L' "Affaire des Ethrogim" qu'on lira ci-après s'est déroulée,
après la fête de Soukoth, au Palais de Justice de Berlin... dans
l'imagination fertile du célèbre humoriste Sammy Grone. L'auteur
persiflait spirituellement, dans son roman Tohubohu, les travers
de ses coreligionnaires de tous acabits : sionistes, orthodoxes, réformés,
libéraux, convertis et autres.
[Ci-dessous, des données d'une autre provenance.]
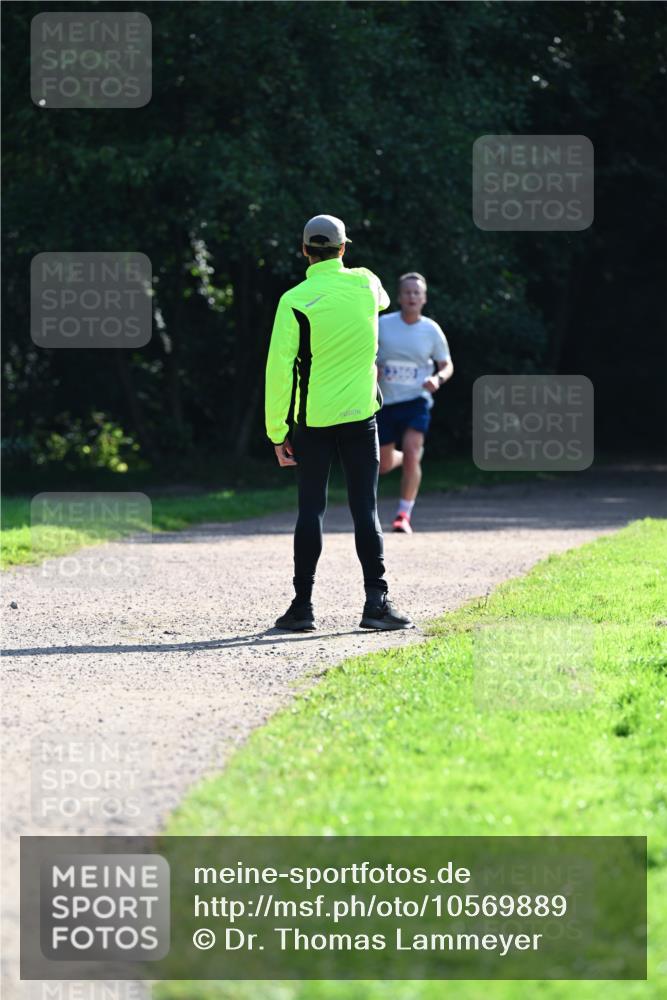27.09.2026 - 35. Volkslauf durch das schöne Alstertal Dr. Thomas Lammeyer http://msf.ph/oto/10569889 27.09.2026 11:05:55 Laufen  meine-sportfotos.de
L'affaire se passe au bon vieux temps
de l'AIlemagne impériale, bien avant l'avènement du nazisme.
Les antisémites étaient encore "gemütlich",
les Juifs se sentaient chez eux...
L'avocat Kahn, fils de Leiser Kahn de Wongrowitz, a changé de nom.
Il a choisi celui de Hank dont la consonnance plus "croustillante"
lui permettra, du moins il l'espère, de camoufler son origine juive
dans les relations avec les "goyim". Mais cela ne l'empêche
pas, bien entendu, de manger aux deux râteliers et de "défendre",
à l'occasion, des causes juives en déployant, là aussi,
une évidente mauvaise foi.
- Kahn ! Kahn ! Siegmund Kahn !
Depuis plus d'une demi-heure déjà, le bâtonnier Wenzel
hurlait le nom de Kahn travers le brouhaha de la Salle des Avocats, au Palais
de Justice. Il arpentait le couloir, regardait droite et gauche, examinant
les groupes installés aux tables. Rien. Il lançait partout son
cri de guerre, appelant au combat son adversaire absent. Il hurla "Siegmund
Kahn !" à l'entrée principale de la salle des avocats,
dans l'escalier, dans tous les couloirs pas de Siegmund Kahn à l'horizon
! Il trouva bien un Léopold Kahn et plusieurs Kohn, mais Siegmund Kahn
demeurait introuvable...
Pendant ce temps, Maître Siegmund Kahn était assis dans la salle des échecs, dissimulant sa petite personne dans un groupe de spectateurs. Il faisait la sourde oreille, il restait muet. Il savait bien pour quelle affaire Wenzel le cherchait : c'était ce maudit procès relatif à l' "éthrog". L'affaire lui était désagréable pour de multiples raisons et, pour comble de malheur, elle venait précisément devant la Chambre présidée par le malicieux Bandmann. Hank-Kahn était bien déterminé, s'il parvenait aujourd'hui à échapper à son adversaire et si, par conséquent, l'affaire était renvoyée, à repasser le dossier à un confrère.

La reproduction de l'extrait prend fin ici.